In preliminary findings, one of Fredrickson’s postgraduate students has uncovered that actually recording these experiences triggers positive physiological effects on the body. In a pilot study for her yet to be published dissertation, Bethany Kok has shown that taking one minute each day to record how ‘close’ and ‘in tune’ you feel when interacting with others can produce improved heart function and a boost in day-to-day positive emotions.
I find that this Three Loving Connections exercise ties in nicely with Dr Martin Seligman’s Three Good Things exercise that I wrote about at the end of this blog post. (The research shows that doing the Three Good Things exercise for just one-week increases happiness and decrease depressive symptoms for six months.)
Boosting Your Success Rate
In doing my experiment, I’ve learnt the hard way that not every exchange with every person is an opportunity for Fredrickson’s positivity resonance to blossom. (I had a rather awkward moment with a parcel delivery guy who interpreted my eye contact and open conversation as an invitation for romance). This newly defined version of love is tough to grow. It blooms only under very specific circumstances. It doesn’t happen automatically and it’s very hard to manufacture, stemming from particular patterns of thought and action. Fredrickson believes there are two strict conditions that must be met:
- A feeling of safety, both internal and external
If there’s any sense of threat or danger, love won’t bloom. You don’t have to be about to be hit by a car to feel unsafe; this is about your perception of danger.
- Real-time sensory connection
Scientists believe that eye contact may well be the most potent trigger for connection and oneness and although voice such as over a telephone, gestures, touch and laughter can also act as fertilizer, Fredrickson is adamant that the key is physical presence.
I’ve been trying this out for a few weeks and I’ve experienced some amazing connected micro moments. They’ve happened when I’d expect them to (seeing my best friend and her newborn baby), they’ve happened after I’ve deliberately sought them out (connecting with my son’s childcare teacher while talking about their shenanigans during the day), they’ve happened when I didn’t expected them to (while I was on a panel doing a Q and A about my film) and they’ve happened with hundreds of people all at once (the result of a swelling of shared joy that sprung up during a live Michael Franti gig).

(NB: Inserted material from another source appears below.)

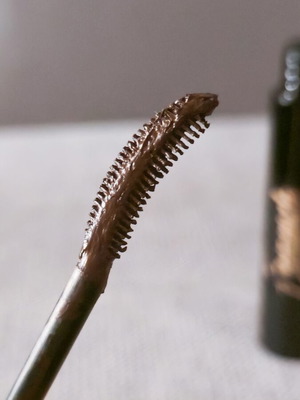 Emmanouela Cosmetics Mascara Brown Super Glam like new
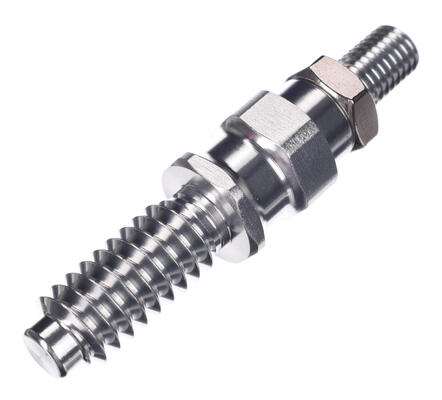 Tažné oko CAR TOW HOOK 1, červené SIXTOL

There have also been many failed attempts (the delivery driver is one example) and I’ve found that often the circumstances aren’t right because the other person I’m hoping to connect with is busy, disconnected and mentally somewhere else; a symptom of the world we live in full of ‘things to do,’ email, texts, Instagram, XOXs and LOLs. More than ever I’m conscious of missed opportunities for deep connection. Blink, and they’re gone.
I’ve also found that making a conscious effort to cultivate connections nurtures deeper and stronger relationships. I’m more relaxed and cheerful and I find that facing difficult relationships is a little easier too. I have more generosity and warmth towards people. The writing exercise is also valuable. It’s so nice to know I will end each day on a positive note. No matter how tough.
I realize that taking this scientific view of love reduces the essence of some of human kind’s greatest art, profound journeys and grand acts of compassion to a chemical reaction and you may think the ‘L word’ is far too strong, preferring to call it positivity resonance. However you think of it, I hope you are intrigued and start looking for your own micro moments of connection. I believe this kind of loving mindfulness has the potential to profoundly change our connectedness with each other and with ourselves. Happy positive resonating!